→ **DATA TO EXAMINE**

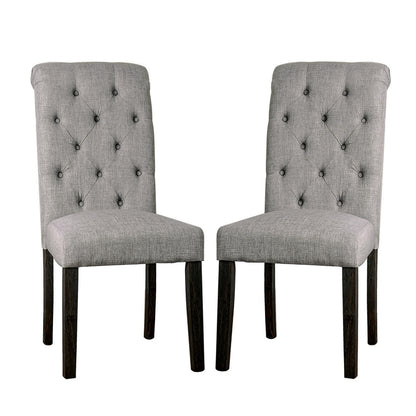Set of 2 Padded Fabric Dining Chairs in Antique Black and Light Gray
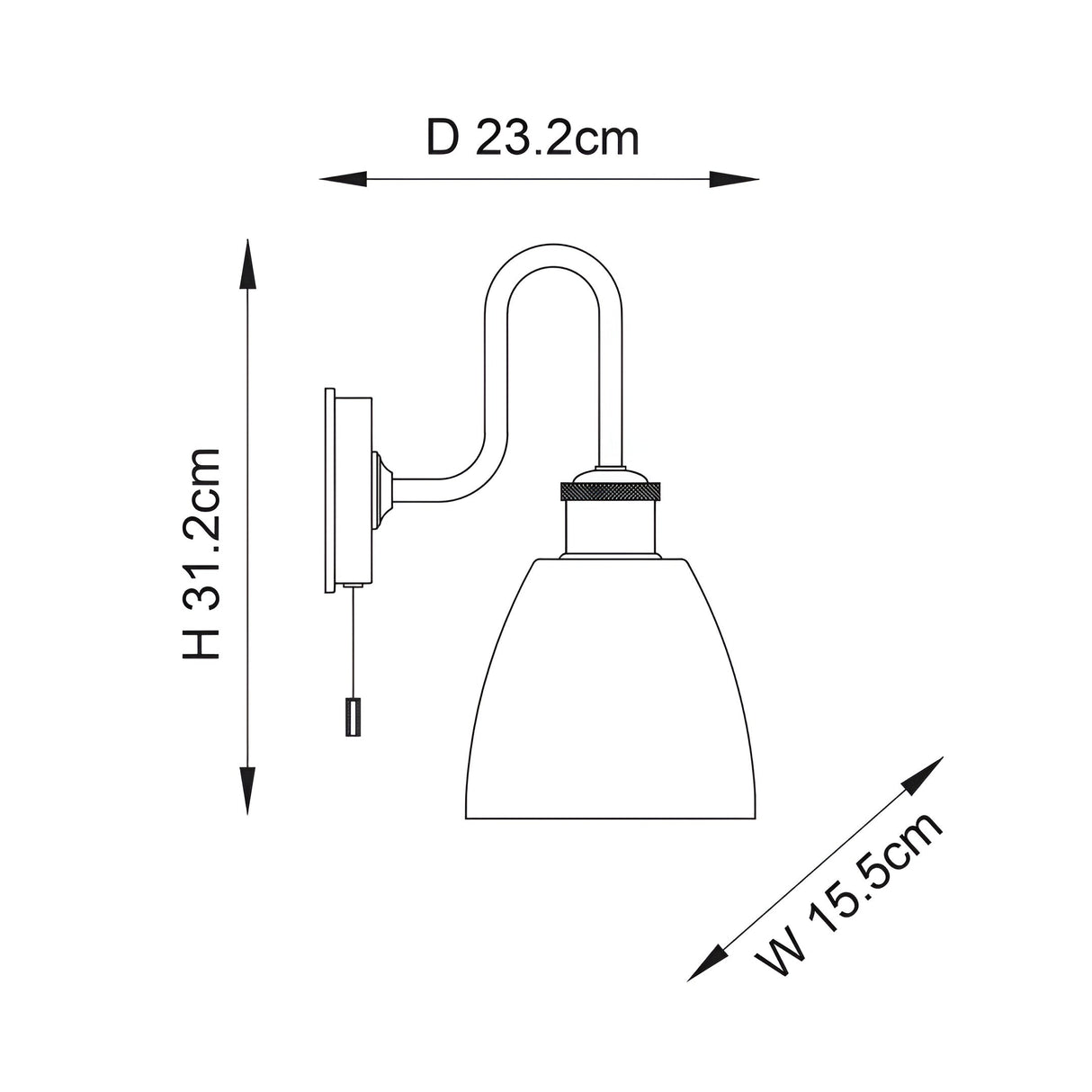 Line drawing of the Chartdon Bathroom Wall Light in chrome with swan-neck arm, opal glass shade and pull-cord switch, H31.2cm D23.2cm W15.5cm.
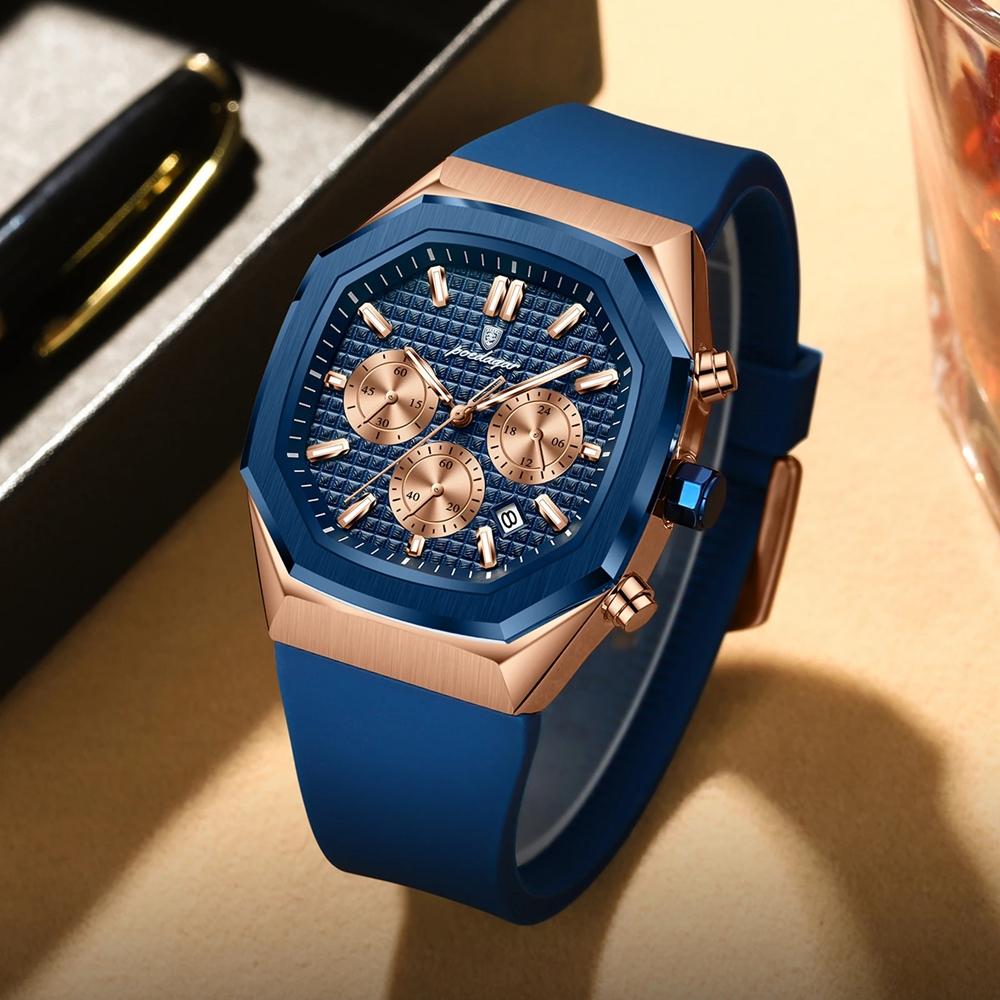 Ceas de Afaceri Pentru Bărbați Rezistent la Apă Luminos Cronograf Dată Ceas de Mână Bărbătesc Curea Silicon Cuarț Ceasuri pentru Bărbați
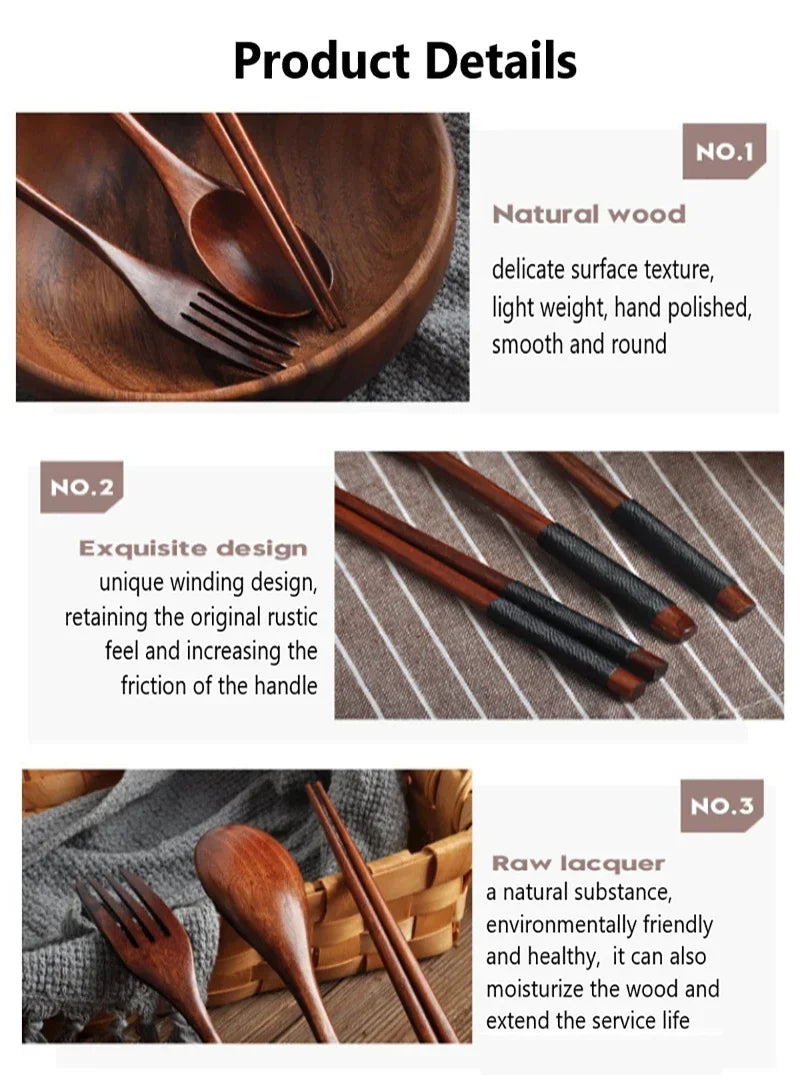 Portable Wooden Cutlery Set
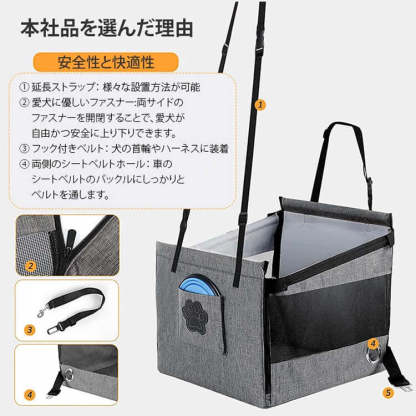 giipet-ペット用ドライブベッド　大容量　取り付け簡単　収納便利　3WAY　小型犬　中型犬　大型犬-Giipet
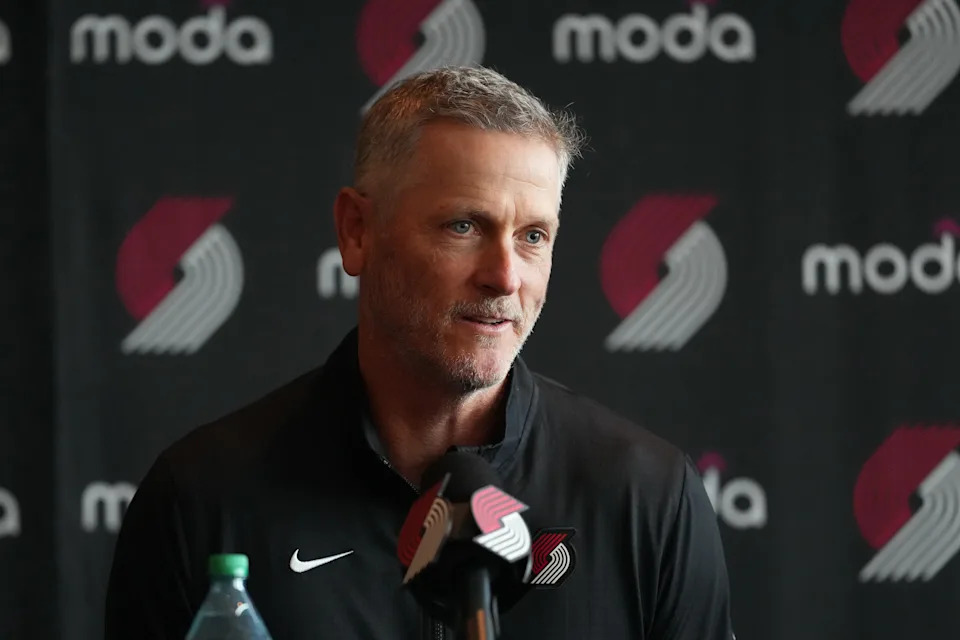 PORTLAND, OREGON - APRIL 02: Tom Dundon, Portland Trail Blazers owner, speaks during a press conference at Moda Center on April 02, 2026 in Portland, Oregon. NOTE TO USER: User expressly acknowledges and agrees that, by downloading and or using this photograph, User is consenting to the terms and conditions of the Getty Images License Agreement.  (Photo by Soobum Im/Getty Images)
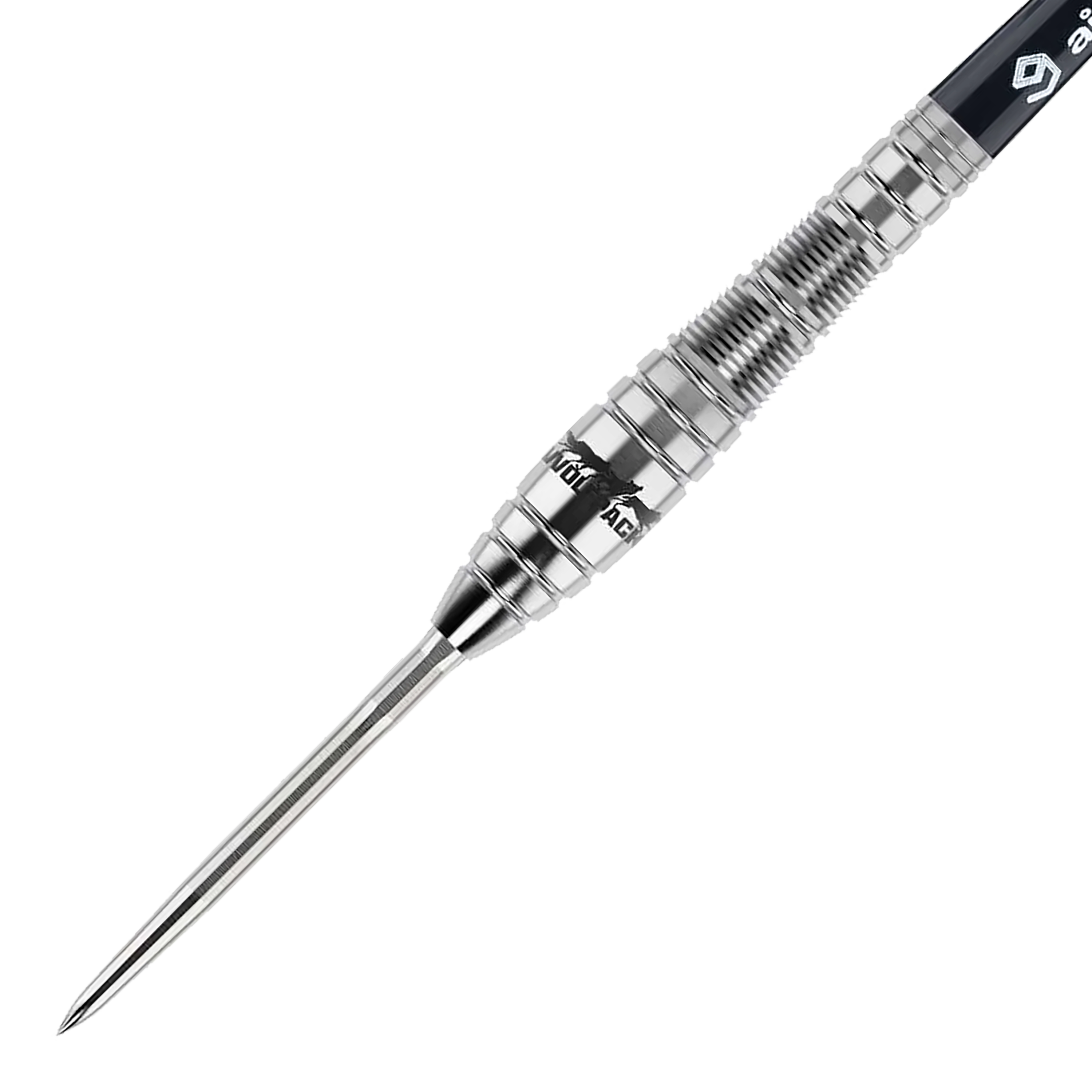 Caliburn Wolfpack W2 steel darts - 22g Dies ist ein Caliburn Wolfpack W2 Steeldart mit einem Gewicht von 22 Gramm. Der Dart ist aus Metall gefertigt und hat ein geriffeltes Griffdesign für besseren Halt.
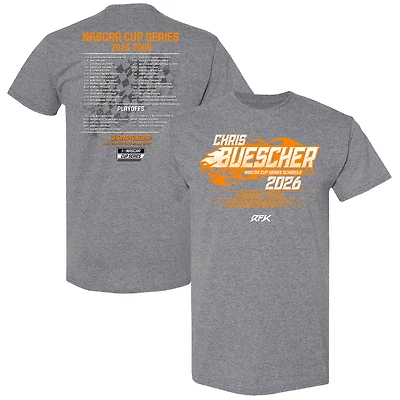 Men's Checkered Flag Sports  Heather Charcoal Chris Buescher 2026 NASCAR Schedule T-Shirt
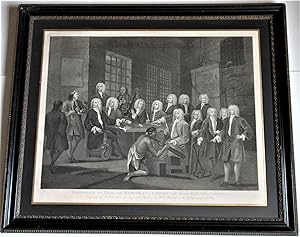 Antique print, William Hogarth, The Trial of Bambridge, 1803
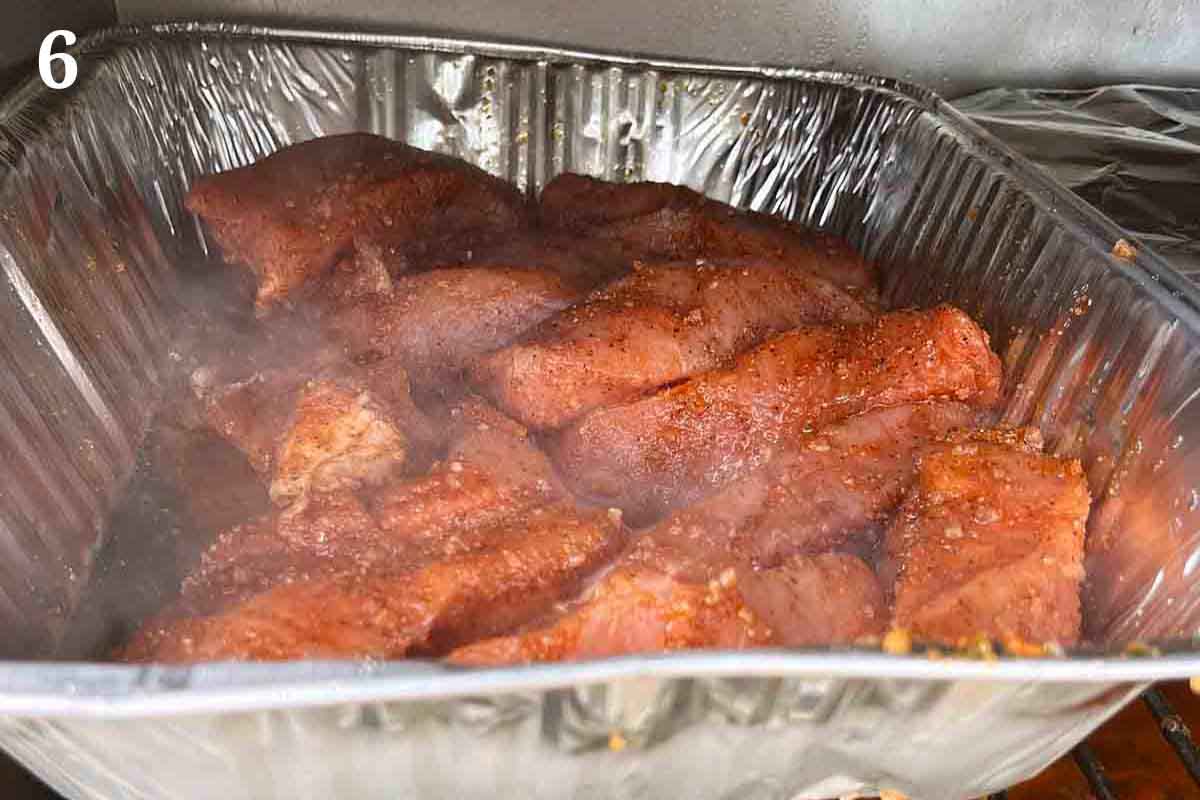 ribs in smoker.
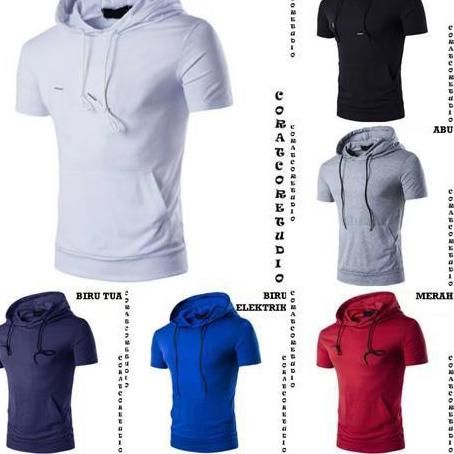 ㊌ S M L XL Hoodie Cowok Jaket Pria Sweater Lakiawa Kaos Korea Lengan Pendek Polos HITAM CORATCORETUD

→ **WHAT YOU ARE ASKED TO DO**
Pictures are not part of the answer, which must be the exact lines from the one holding "Antique print, William" through the end of the material, both ends included.

→ **ANSWER**
 Antique print, William Hogarth, The Trial of Bambridge, 1803
 ribs in smoker.
 ㊌ S M L XL Hoodie Cowok Jaket Pria Sweater Lakiawa Kaos Korea Lengan Pendek Polos HITAM CORATCORETUD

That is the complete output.